A speaker for the Social Democrats explicitly stated in a rebuttal that all democratic parties show nothing but utter contempt for the proposal and will unite to make sure nothing like this will ever pass into legislation.
According to the Social Democrats, the German people has caused nothing but death and destruction by causing two world wars and the mere suggestion of securing a future for German children in Germany is inherently racist, inhuman and a Nazi ideology.
According to the ruling parties, rather than funding German families, “all” families must receive financial support to avoid being racist.

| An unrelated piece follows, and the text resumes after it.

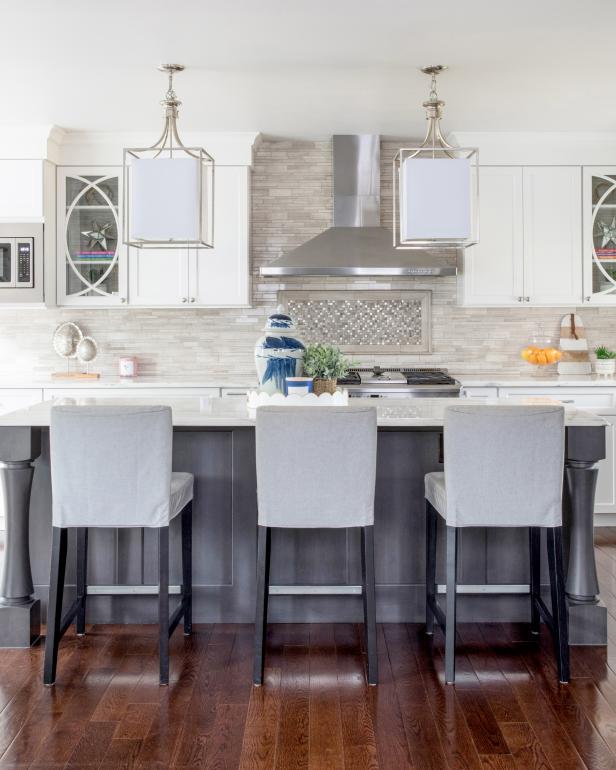 White Transitional Kitchen With Gray Island | HGTV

The lack of children among Germans has be equalized through mass immigration from Africa and the Middle East.
Now, after the disastrous performance of the NPD in the recent elections in Berlin and Mecklenburg-Pommerania, the party is threatening to implode and the demographic issue has been shoved to the back-burner.
The recent elections has led the NPD close to the political abyss. Especially the loss of the last remaining parliamentary fraction will be devastating for their funding. In contrast to the years between 2006 and 2011, when the NPD gained over five percent to cross the hurdle for parliamentary seats, the AfD drew the disaffected vote this time.
Because the 2013 federal election was the first fought by the AfD, Alternative for Germany, and after receiving 2 million votes to cross the threshold for party funding, it is expected to receive an estimated 1.3 to 1.5 million Euro per year of state subsidies.
According to calculations by Infratest dimap, some 20 000 NPD supporters have left the party for the AfD.
NPD party leaders had recognized the danger early on and declared themselves an “alternative to the alternative” – but in vain. Köster, regional chairman in Mecklenburg-Pommerania, spoke after the election of a “National Ex-parliamentary Opposition” (NAPO), but the suggestion met with little enthusiasm.
According to its interim electoral manifesto, the AfD too wants to reintroduce traditional family patterns. Die Tageszeitung called their objectives “old gender roles”.
AfD leader Frauke Petry has already drawn fierce criticism this year from anti-child mainstream politicians for pointing out that chancellor Angela Merkel lacks a future vision because she does not have children.
The AfD was founded in 2013 by economist Bernd Lucke, a former professor of macroeconomics at the University of Hamburg, along with lawyer and journalist Alexander Gauland and journalist Konrad Adam. It’s main focus then was opposing the European single currency and bailouts to poorer EU countries during the financial crisis and not family politics, but Lucke has since left the party.
The AfD, leftists fear, will now promote “nativism, authoritarianism, and populism”. Cas Mudde, researcher at Oslo University’s Centre for Research on Extremism, said the party was on course to embrace family values and a German identity and should be called “extremist” and “far-right” for that reason.
Following the 2014 European Parliament elections, on 12 June 2014 the AfD was accepted into the European Conservatives and Reformists (ECR) group in the European Parliament.
In February 2016, the AfD announced a closer cooperation with the right-wing populist party Freedom Party of Austria (FPÖ), which is a member of the Europe of Nations and Freedom (ENF) group.